Little is known about the cells behind these attacks. The Revolutionary Punishment Movement and Popular Resistance Movement, which maintain a presence on social media, have claimed responsibility for some of the bombs. Both issued statements linking the explosions to their opposition to the government-sponsored economic conference which opens in Sharm El-Sheikh tomorrow, and which the government hopes will attract between $12 billion to $15 billion dollars of foreign investment to Egypt.

On Monday evening the Revolutionary Punishment group’s Twitter account posted a statement warning “businessmen and national and multinational corporations” that it will plant more bombs in response to continuing support for the “occupation of the Camp David military,” an apparent reference to the 1979 Egyptian-Israeli peace agreement.

The statement claimed it had attacked 47 targets earlier in the week, including police stations, cell-phone companies, banks and KFC outlets. The group advised citizens to avoid the targeted areas “during non-working hours.”

In a statement on Thursday the interior ministry said police had traced and arrested the admin of the Revolutionary Punishment Facebook page, identified as Abdelrahman El-Zalabani from the Brotherhood’s middle leadership.

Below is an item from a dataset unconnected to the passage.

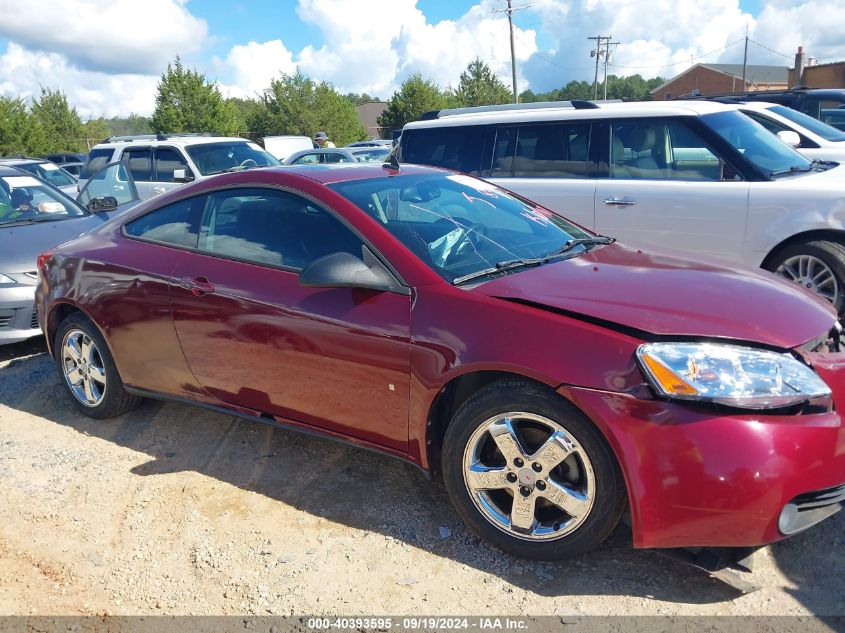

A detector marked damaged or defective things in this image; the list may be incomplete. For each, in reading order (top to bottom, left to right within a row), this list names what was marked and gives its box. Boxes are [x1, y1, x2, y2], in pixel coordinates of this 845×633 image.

crumpled hood [0, 214, 107, 272]
crumpled hood [472, 243, 836, 350]
exposed headlight housing [636, 340, 828, 410]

The Twitter account of the group was still active until Thursday morning where it claimed responsibility for two bombings in Giza and El-Menoufiya.

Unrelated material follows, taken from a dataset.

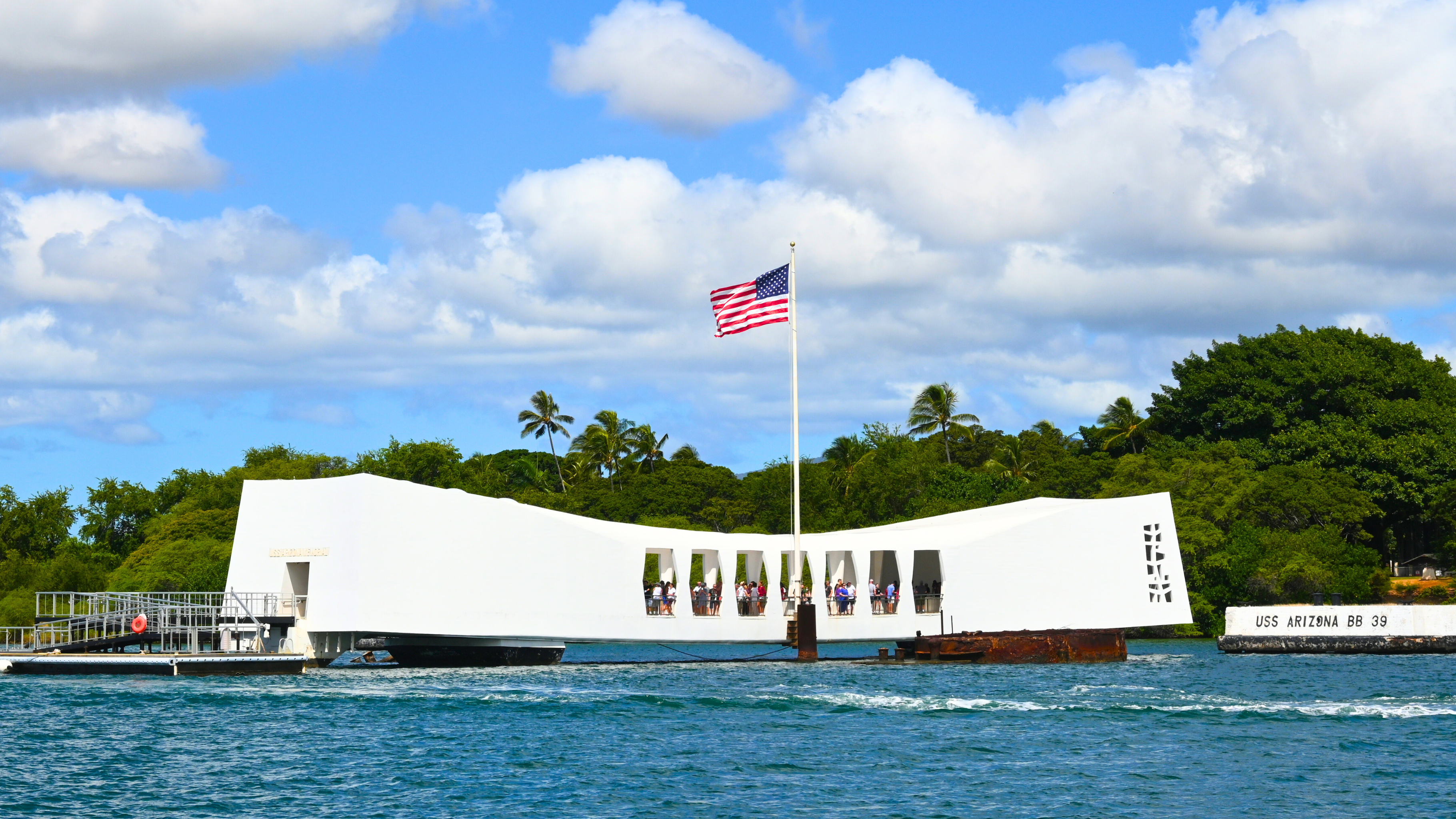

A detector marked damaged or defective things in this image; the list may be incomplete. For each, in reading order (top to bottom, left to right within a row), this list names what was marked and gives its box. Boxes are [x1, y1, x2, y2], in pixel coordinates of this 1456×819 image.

rusty shipwreck remnant [883, 627, 1133, 666]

In the last week dozens of IEDs exploded or were diffused near schools, churches, police stations and seemingly random streets. That there were no clear business targets suggests that other smaller cells, or lone wolf individuals, are operating, their only aim to spread fear among the public.

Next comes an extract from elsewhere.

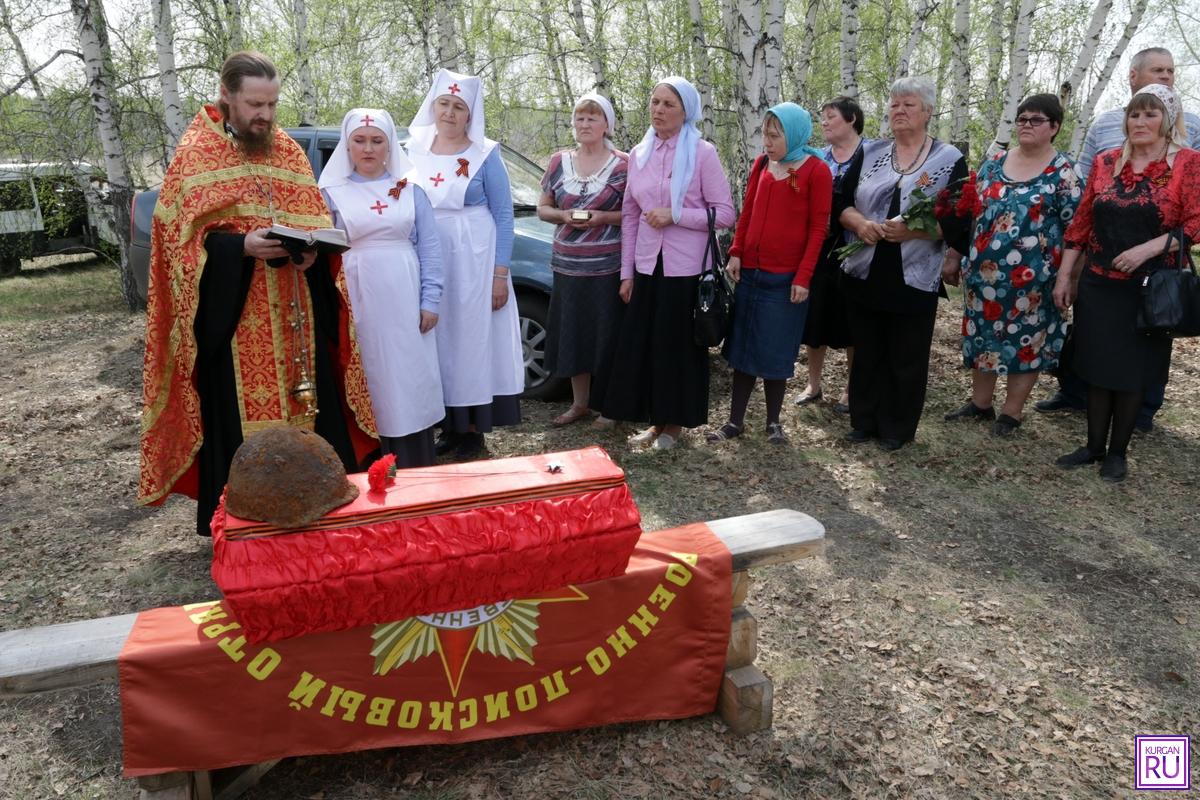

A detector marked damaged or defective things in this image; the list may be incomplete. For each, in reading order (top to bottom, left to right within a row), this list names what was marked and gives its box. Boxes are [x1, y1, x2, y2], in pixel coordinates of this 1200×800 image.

rusty soviet helmet [224, 424, 356, 532]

“We understand that we’re being targeted in an attempt to sabotage the economic conference, although we have very little to do with it,” said a senior executive of one of the three cell-phone companies who requested anonymity to avoid reprisals. “We’d like to see the conference finish in the hope that we’ll be given a break,” he added.

Like other multi-million dollar businesses in Egypt, the executive says his company is concerned — it has been targeted by ten explosive devices — but refuses to panic because “we saw far worse” during the 2011 uprising, when many shops were burned to the ground.

“We’re not faced with a situation where we’ll even consider packing up and leaving. We’ve invested in infrastructure here, we have 40 million subscribers and 9,000 Egyptian employees,” said the executive.

He added that security has been beefed up in recent months, “in a non-visible manner because we don’t want security guards in uniforms attracting bombs.”

Following the removal of Morsi in July 2013 violence spiked in North Sinai as militants began to attack military and police targets. The military has been retaliating but the death toll on both sides continues to rise.

The Sinai-based jihadist group Ansar Beit Al-Maqdis — renamed Wilayet Sinai after it declared allegiance to the Islamic State terrorist group in Iraq and Syria — subsequently expanded its attacks to include police targets in the Nile Delta before reverting its focus back to Sinai following security clampdowns.

The operations of Sinai’s jihadists, which have claimed large numbers of casualties, have eclipsed a pattern of low-level violence that has been growing since 2014. Targets include power stations, metro cars and cell-phone towers.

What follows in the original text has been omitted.